Registration Server Redundancy

Apr 9, 2012 at 8:38 PM

I apologize in advance, I am new to distributed computing and want to impart sufficient detail about the design of our system to make sure that

Background & Design:

We are an organization with a large number of system, build around a core OLTP system (which I will refer to as our Case Manage System), that works with entities we will refer to as Cases.

The case management system supports case life cycle management across a number of products for multiple clients, and is relatively extensible.  Its biggest short coming is that it has a number of legacy legacy clients, but no central service tier (clients include intranet portal for internal employees, internet portal for external users, and tablet devices for both internal and external users).  

Our business needs with in each product managed in the case management system vary greatly, and we have a number of ancillary sub-systems to extend the core case management capabilities for additional needs (document generation (letters & fax), report generation, real time export to client systems, telephony integration).

As we approach a systemic refactor of the clients participating in this case management platform, I would like to start building the central service tier we currently lack.  The general approach we would like to take is to build a cluster of service hosts (collectively known as the Case Action Controller)  that would receive a message from any of the case management clients at predefined events in the case life cycle, and forward that message to services that have subscribed with the Case Action Controller to receive specific messages (each of these known as Case Action Listeners).  

Case Management clients will always address the Case Action Controller from a single load balanced address, the node in the cluster that receives the message will forward the meesage to any registered Case Action Listeners who've expressed an interest in cases of that type (the criteria for this determination aren't pertinent right now).

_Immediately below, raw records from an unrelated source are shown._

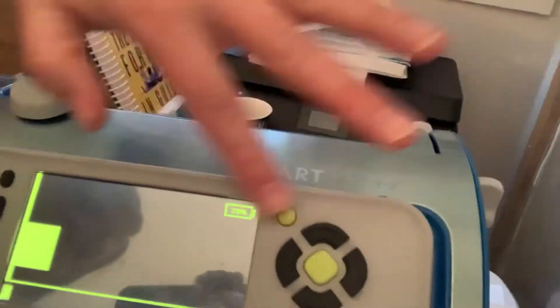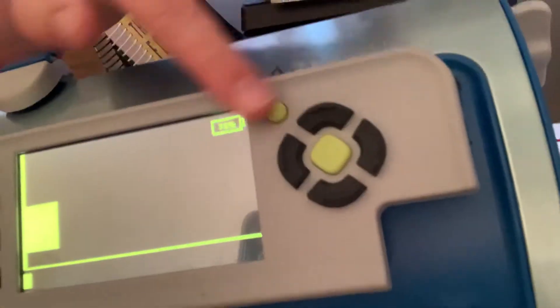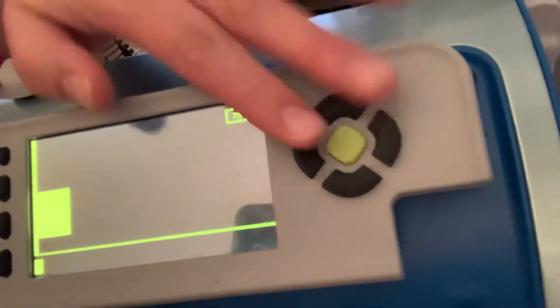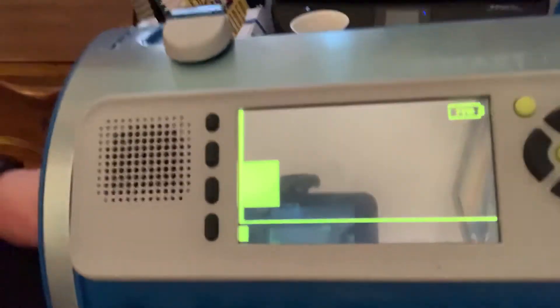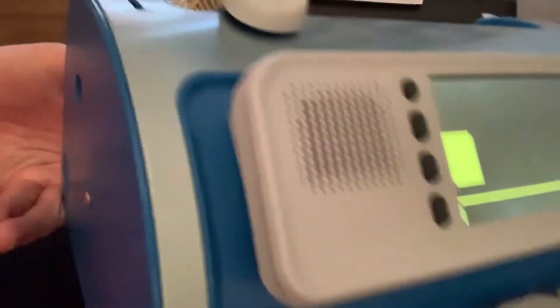This is the menu control button right here. I will go over that in a different video for you, but I just wanted to go through and talk to you about the functions of the brailler.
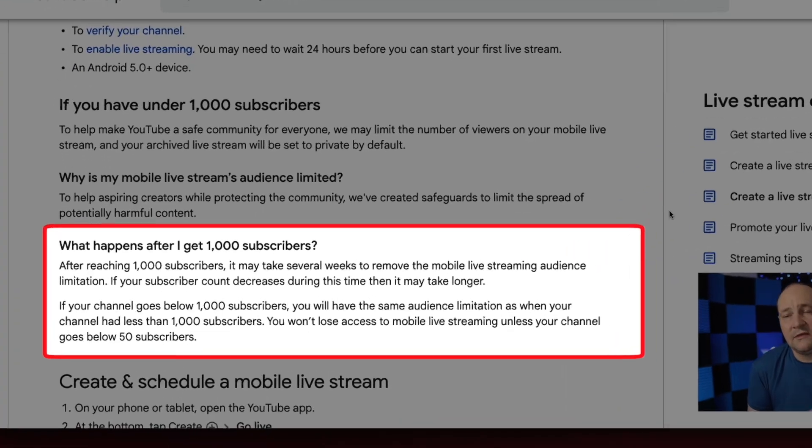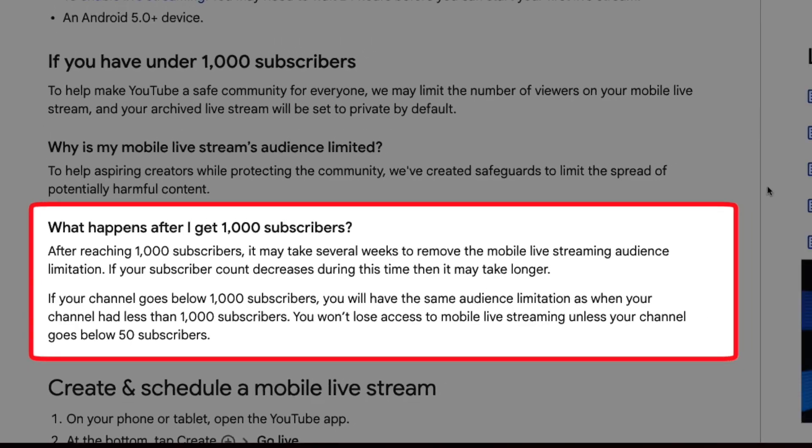What happens after you reach a thousand subscribers if you've had these limitations on iPhone or Android? After reaching a thousand subscribers it may take several weeks to remove the mobile live streaming audience limitation, and if your subscriber count decreases during that time it might take longer. If your channel drops below a thousand subscribers you'll have the same audience limitation as before. You won't lose access to mobile live streaming unless your channel goes below 50 subscribers, which would be a considerable drop — unlikely to happen in 99.9999% of cases.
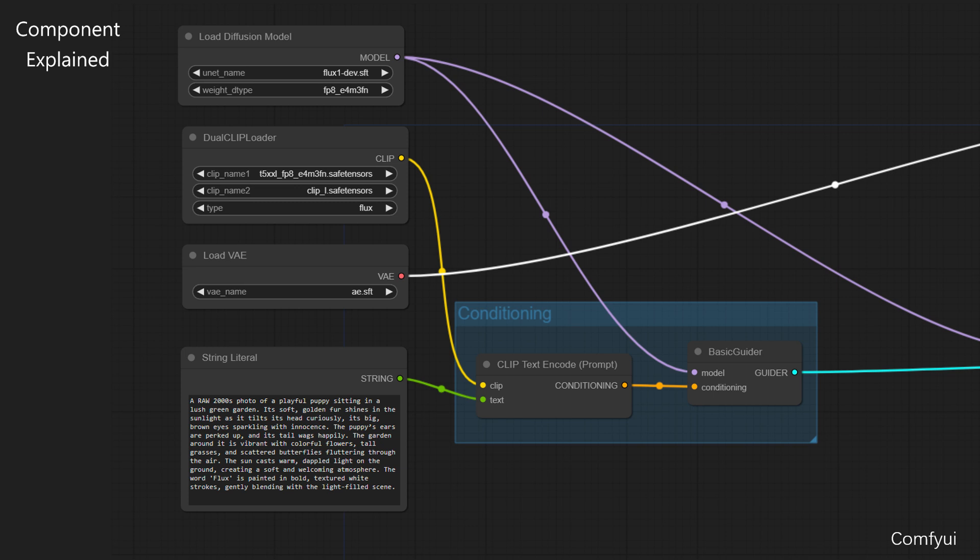The third component, LoadVAE. This is the Variational Autoencoder component. For this instance, using AE, it manages the encoding and decoding of images between pixel space and latent space. It compresses images into a lower dimensional latent representation for the diffusion model to work with, and then decodes the results back into viewable images.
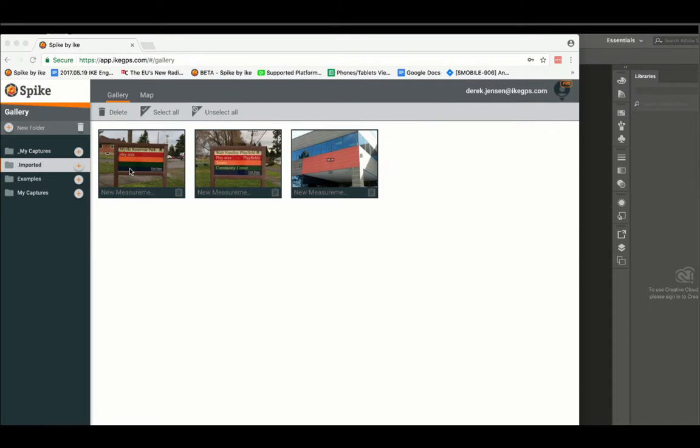To export a Spike scaled image, log into your Spike Cloud account and go to the gallery. Then locate the photo you wish to measure.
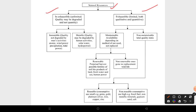Inexhaustible natural resources have two subtypes. First is immutable, where quality is not degraded by human activities — examples include atomic power, wind power, precipitation, and tidal power. Second is mutable, where quality may be degraded by human activities — examples include solar energy, water, and hydropower.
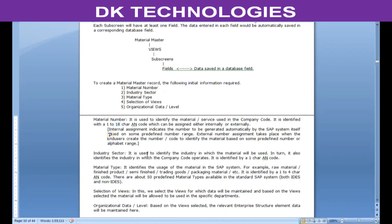Industry sector is used to identify the industry in which the material is used. Since the application will normally be installed only for one company code, the industry sector will also identify the industry in which the company code operates. It is identified by only a one-character alphanumeric code. Material type identifies the usage of the material — how you are going to use it. For example: raw material, finished products, semi-finished, trading goods, packaging material, consumables, or services.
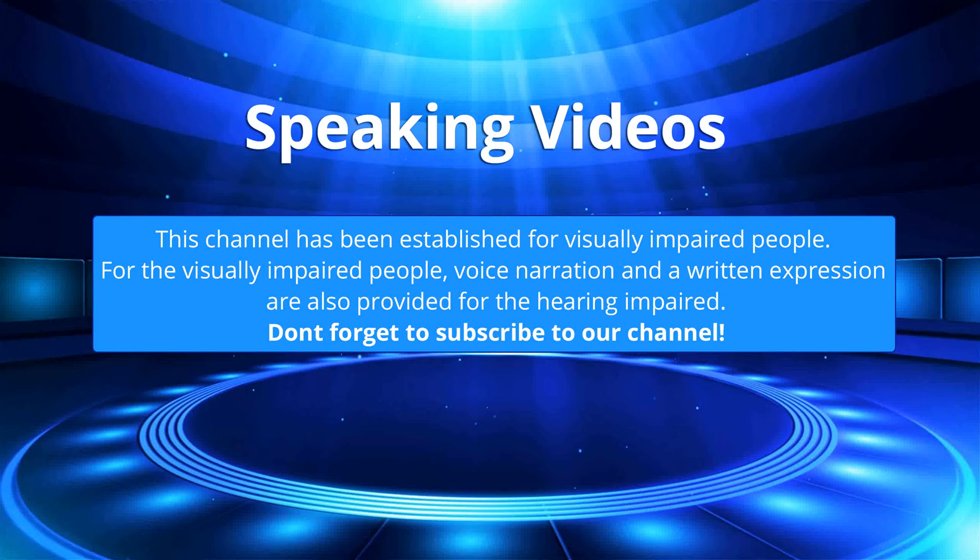This channel has been established for visually impaired people. For the visually impaired people, voice narration and a written expression are also provided for the hearing impaired. Don't forget to subscribe to our channel.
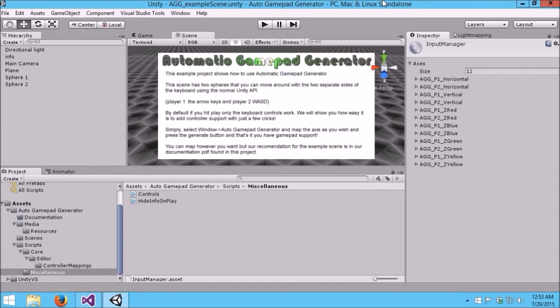Hi, this is Greg from Landmark Technologies. Today I'm going to talk to you about our latest asset called Automatic GamePad Generator. This will be the technical deep dive into this asset.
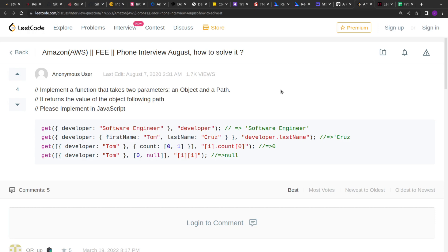Hello guys, I hope you are doing good. Today we are going to solve another problem which was asked in AWS frontend interview.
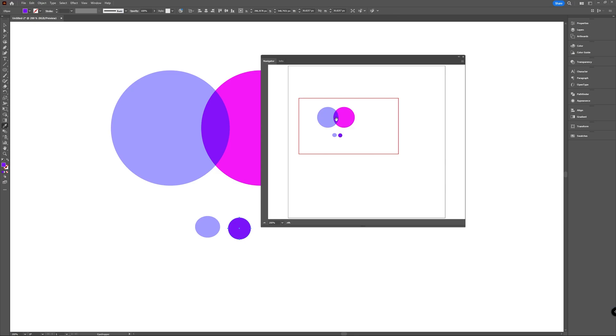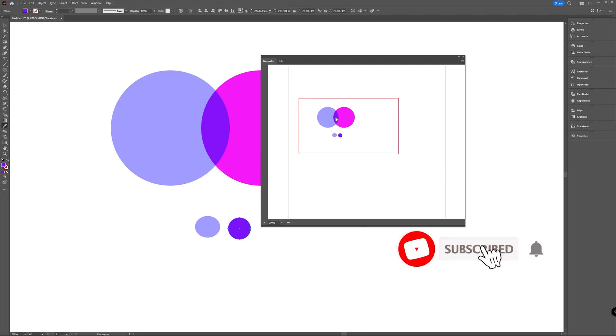So that was it for this quick video. I hope you liked it. Be sure to press that thumbs up button if you did. And if you want to see more, maybe also consider pressing the subscribe button with the little bell icon.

As our business works, I can afford a single point of failure at the Case Action Listener level (I can requeue most of this manually at a later time), but not with in the Case Manage System or the Case Action Controller.

I would like to use MPAPI to build this CaseActionController level (partially to handle load, partially to avoid the controller becoming a single point of failure).  I would like to start up N nodes on N hosts, all listening on the same port.


Is MPAPI a good fit for me.  Part of what I am concerned with is that I actually need a cluster infrastructure that help nodes maintain a consistent state for some of my use cases (i.e. the nodes need to share the collection of registered case action listeners so that they can forward case events to all appropriate listeners), otherwise it would be a simple web farm. 

I am concerned that, from what i've read, there appears to be only one Registration Server in any cluster.  Is it true that a cluster has only one registration server?  Is it possible to make this registration server redundant, or is there another mechanism to provide fault tolerance?

I'm sure I'll have other questions as I dig in, but this is enough while I'm getting started.